• Prompt
For the listing below, give the count of lines containing the string "against" and nothing else.

• Given data
────────────────────────────────────────

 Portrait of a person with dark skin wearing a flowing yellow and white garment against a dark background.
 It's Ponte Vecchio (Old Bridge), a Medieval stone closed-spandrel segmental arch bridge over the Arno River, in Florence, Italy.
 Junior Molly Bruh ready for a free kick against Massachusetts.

────────────────────────────────────────

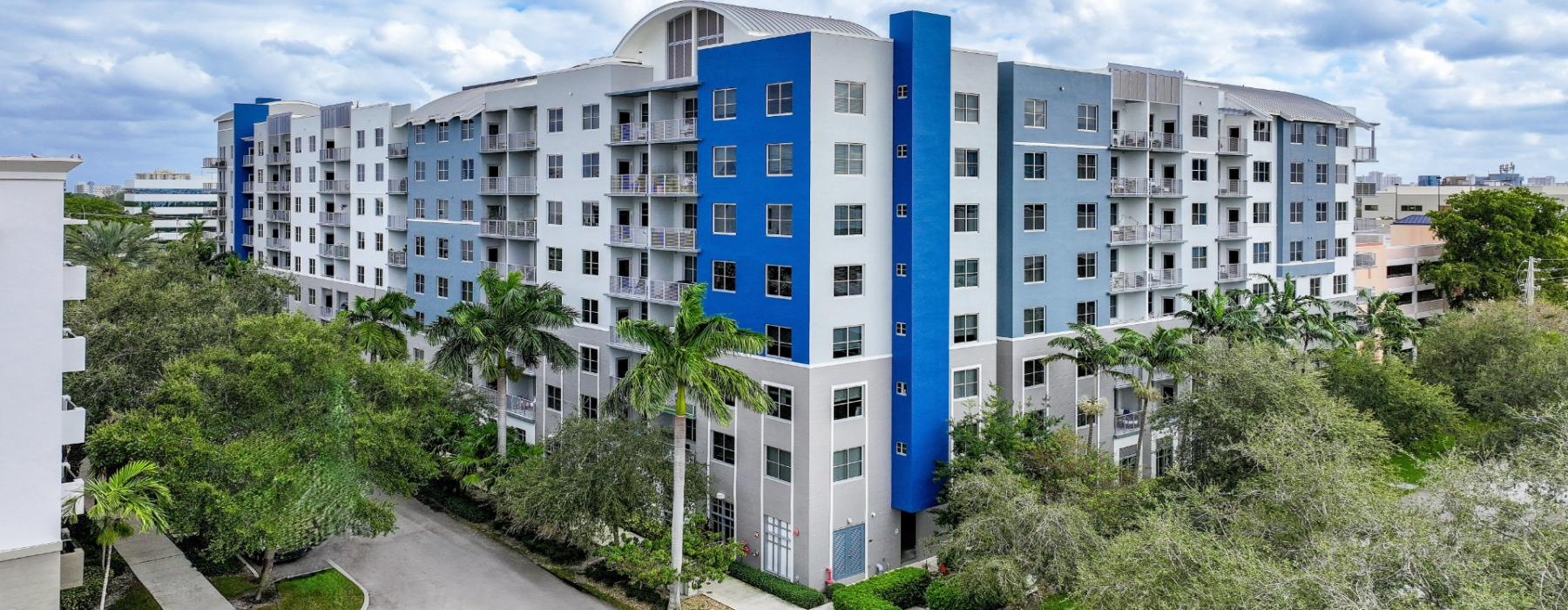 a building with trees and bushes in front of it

────────────────────────────────────────

• Answer to this problem
2